— Activity —
For this exercise, repeat the whole listing below exactly. Leave the pictures out.

— Dataset content —

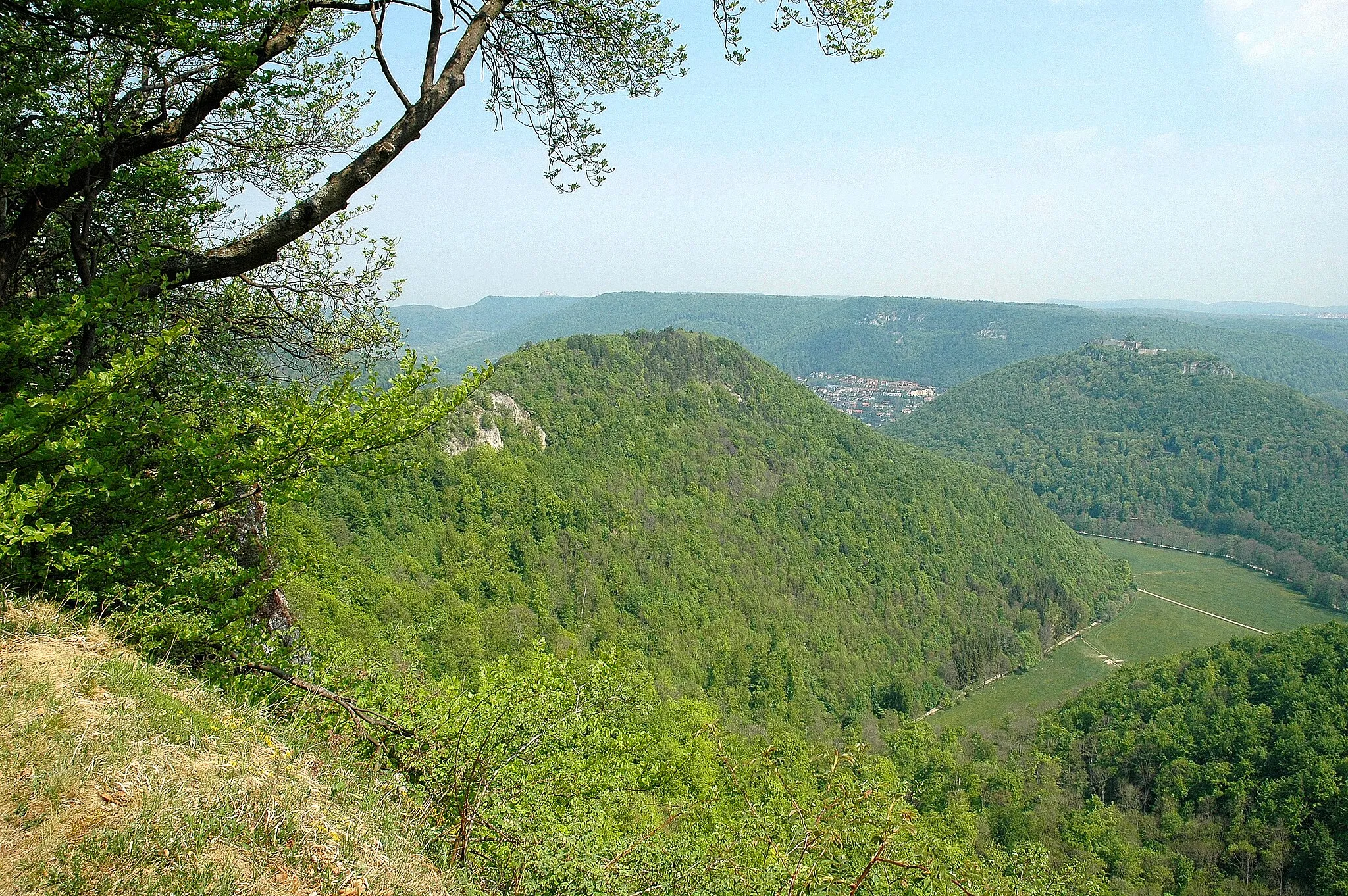 Photo showing: Uracher Talspinne Blick vom Albtrauf im Naturschutzgebiet Rutschen auf Runder Berg (links) und Burg Hohenurach (rechts)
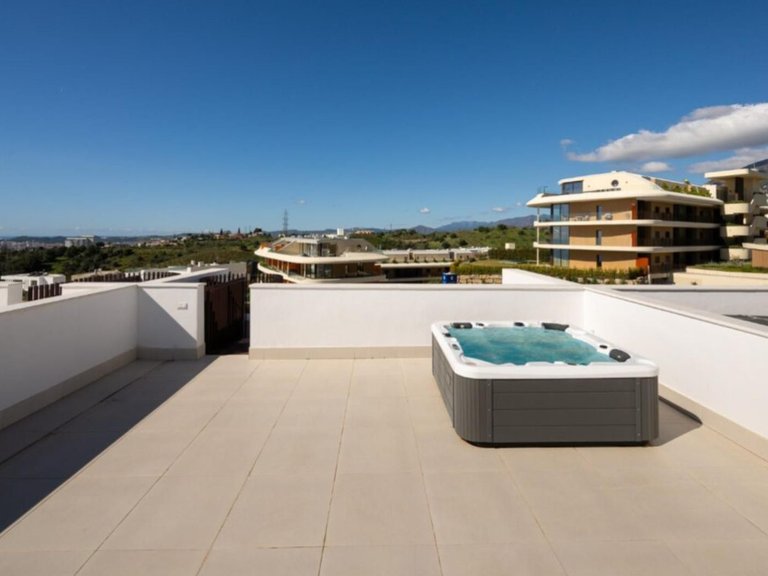 Apartment for Sale in Fuengirola, Malaga 3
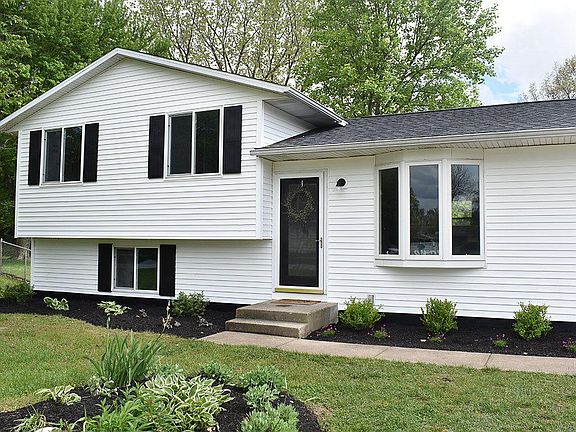 4th image of 22116 Farmwood Dr
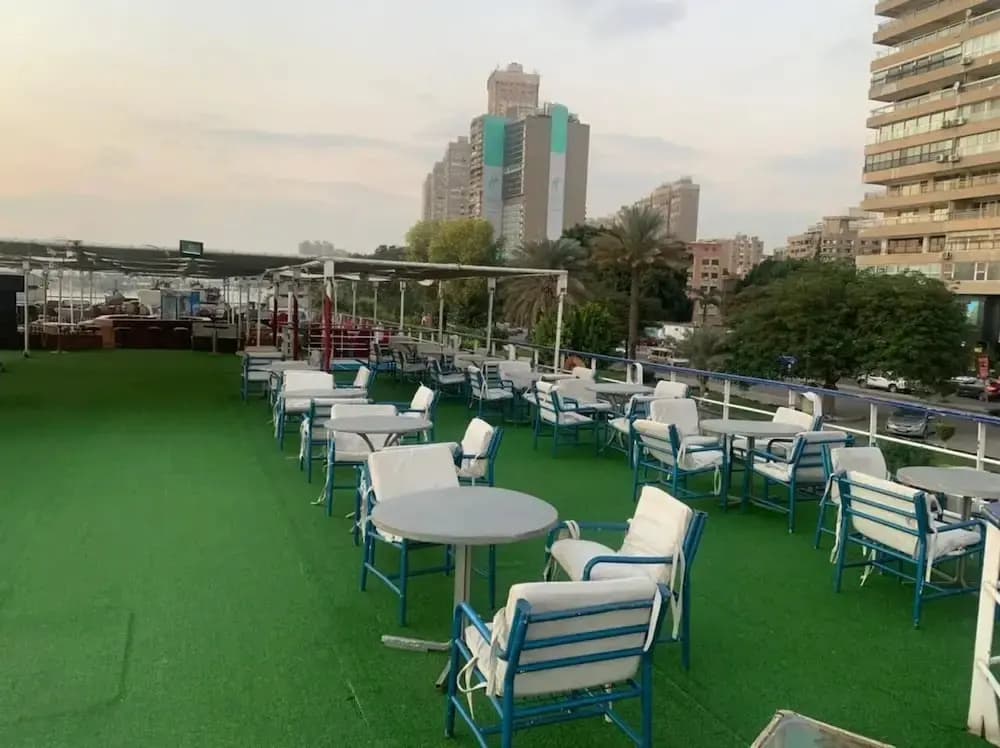 Mimi and Diamond Hotel - photo 11
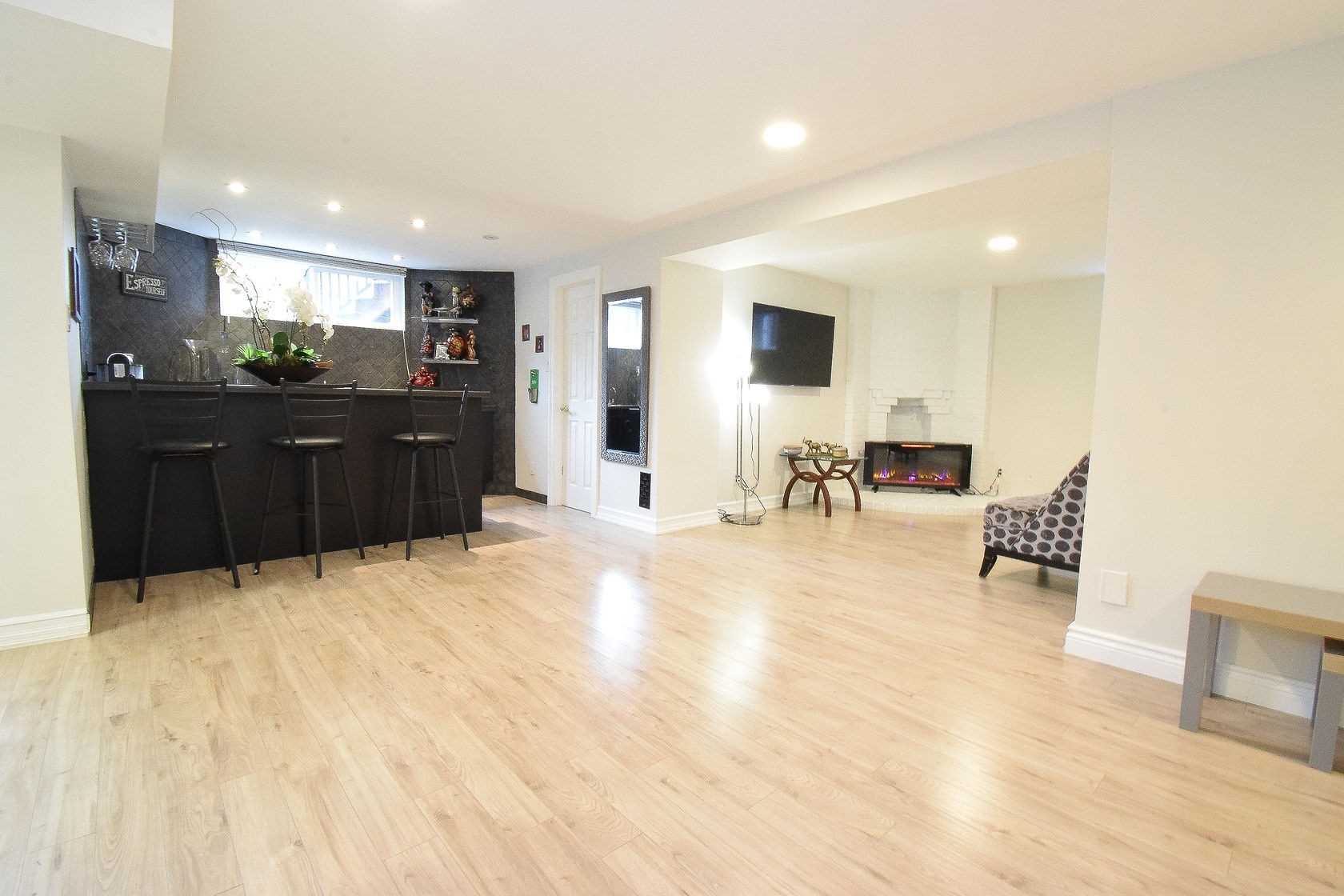 1414 Cawthra Rd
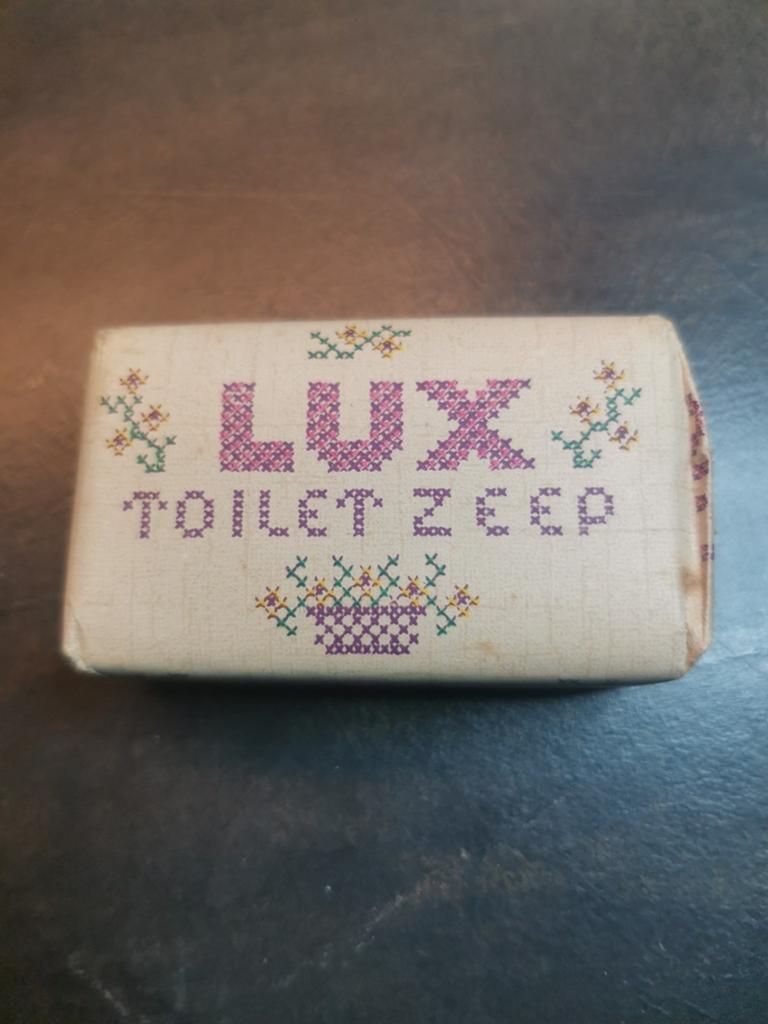 Vintage Lux Toilet Zeep - Ongeopend en Authentiek, Ophalen of Verzenden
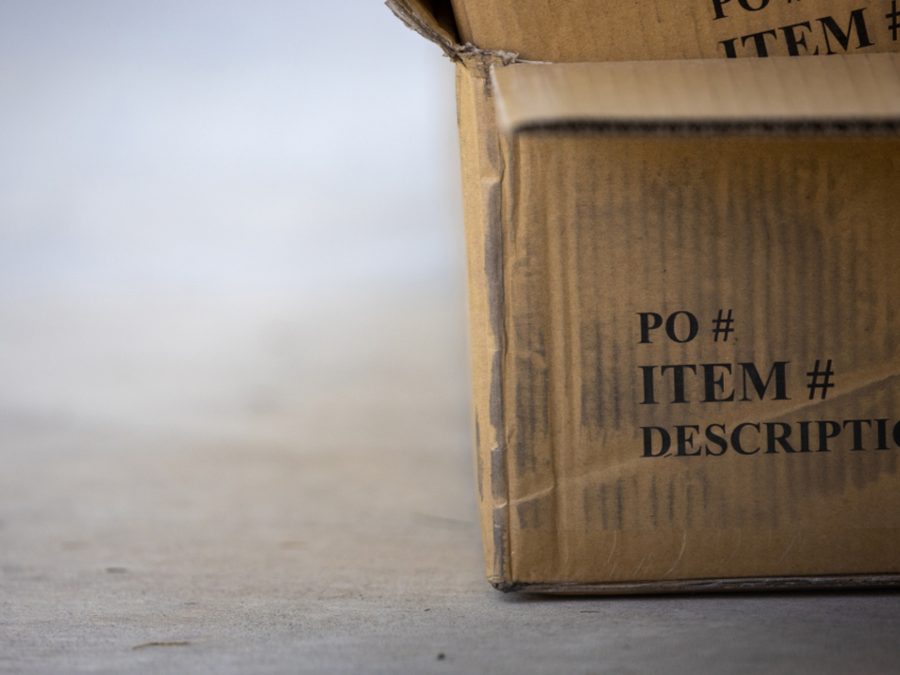 Caja de cart&oacute;n preparada para despachar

— Result for this exercise —
 Photo showing: Uracher Talspinne Blick vom Albtrauf im Naturschutzgebiet Rutschen auf Runder Berg (links) und Burg Hohenurach (rechts)
 Apartment for Sale in Fuengirola, Malaga 3
 4th image of 22116 Farmwood Dr
 Mimi and Diamond Hotel - photo 11
 1414 Cawthra Rd
 Vintage Lux Toilet Zeep - Ongeopend en Authentiek, Ophalen of Verzenden
 Caja de cart&oacute;n preparada para despachar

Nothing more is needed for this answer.